Bana göre de ... / Raşit CENGİZ
CHP nin 35. Olağan kurultayı ile birlikte, aylardır süren parti içi seçim (!) süreci tamamlanmış oldu.
Hayatın olağan akışına aykırı oluşumlara rağmen, genelde toplumu sarsan ve şaşırtan bir durum yaşanmadığını düşünüyorum.
Toplumu neyin sarsıp ateşleyeceğini kesin bilmemekle beraber, beni şaşırtıp heyecanlandıracak şeyin, kurultayda, partiyi kimin yöneteceği değil, nasıl yönetileceğinin altının çizilmesiydi.

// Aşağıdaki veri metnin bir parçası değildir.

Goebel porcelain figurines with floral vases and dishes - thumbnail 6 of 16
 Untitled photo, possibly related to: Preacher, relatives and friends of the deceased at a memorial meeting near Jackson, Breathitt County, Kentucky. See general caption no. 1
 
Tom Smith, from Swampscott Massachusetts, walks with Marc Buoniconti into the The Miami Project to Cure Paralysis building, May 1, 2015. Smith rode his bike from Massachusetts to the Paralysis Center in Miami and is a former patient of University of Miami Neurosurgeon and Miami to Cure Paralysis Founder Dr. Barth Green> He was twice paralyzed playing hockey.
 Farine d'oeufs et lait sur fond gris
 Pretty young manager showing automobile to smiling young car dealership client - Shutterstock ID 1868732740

Öncesinde genel başkanın bir iki söyleminin dışında, kurultayda var olandan farklı, sağlam bir irade görmedim.
Keşke, İstanbul il kongresi öncesinde İl Başkanlığının hazırlayıp kongre üyelerine oylattığı rapor, kurultayın iradesini yansıtsaydı.
Keşke, tüzük ve eklerinin uygulamasındaki keyfiyet kaldırılıp, aksi uygulamalara daha kesin yaptırımlar konup altı çizilseydi.
Keşke, partide temsil niteliği olan herkesin program, tüzük ve eklerini okuması, anlaması ve bunları baz alarak tartışması sağlanacak çalışmalar yapılsaydı.
İnanın, yeni bir tüzük değişikliği dahi yapılmadan pekçok şey olumlu yönde kendiliğinden değişir, olduğumuz yer, bulunduğumuz yer olmazdı.
Bu ifadelerden de anlaşıldığı gibi, ben gelecek için umutlu olanlardan değilim.
Benim gibi kaygılı olanların az olmadığını da biliyorum.
Ama onlara bir sitemim var.
Onlar mehdi beklemekten vazgeçmeliler.
Bizim gibi toplumlar hep bir kurtarıcı beklerler.
O kurtarıcı bazen ak sakallı bir dede, bazen kırmızı kravatlı bir cumhuriyetçidir.
Yaşanan tecrübeler göstermiştir ki, kurtarıcıdan kurtulmak, kurtardığından kurtulmaktan daha zordur.
Oysa, bildiğini söylemek, söylediğini yapmaya çalışmak siyaseten yanlış olsa da, ahlaken çok yüce bir davranıştır.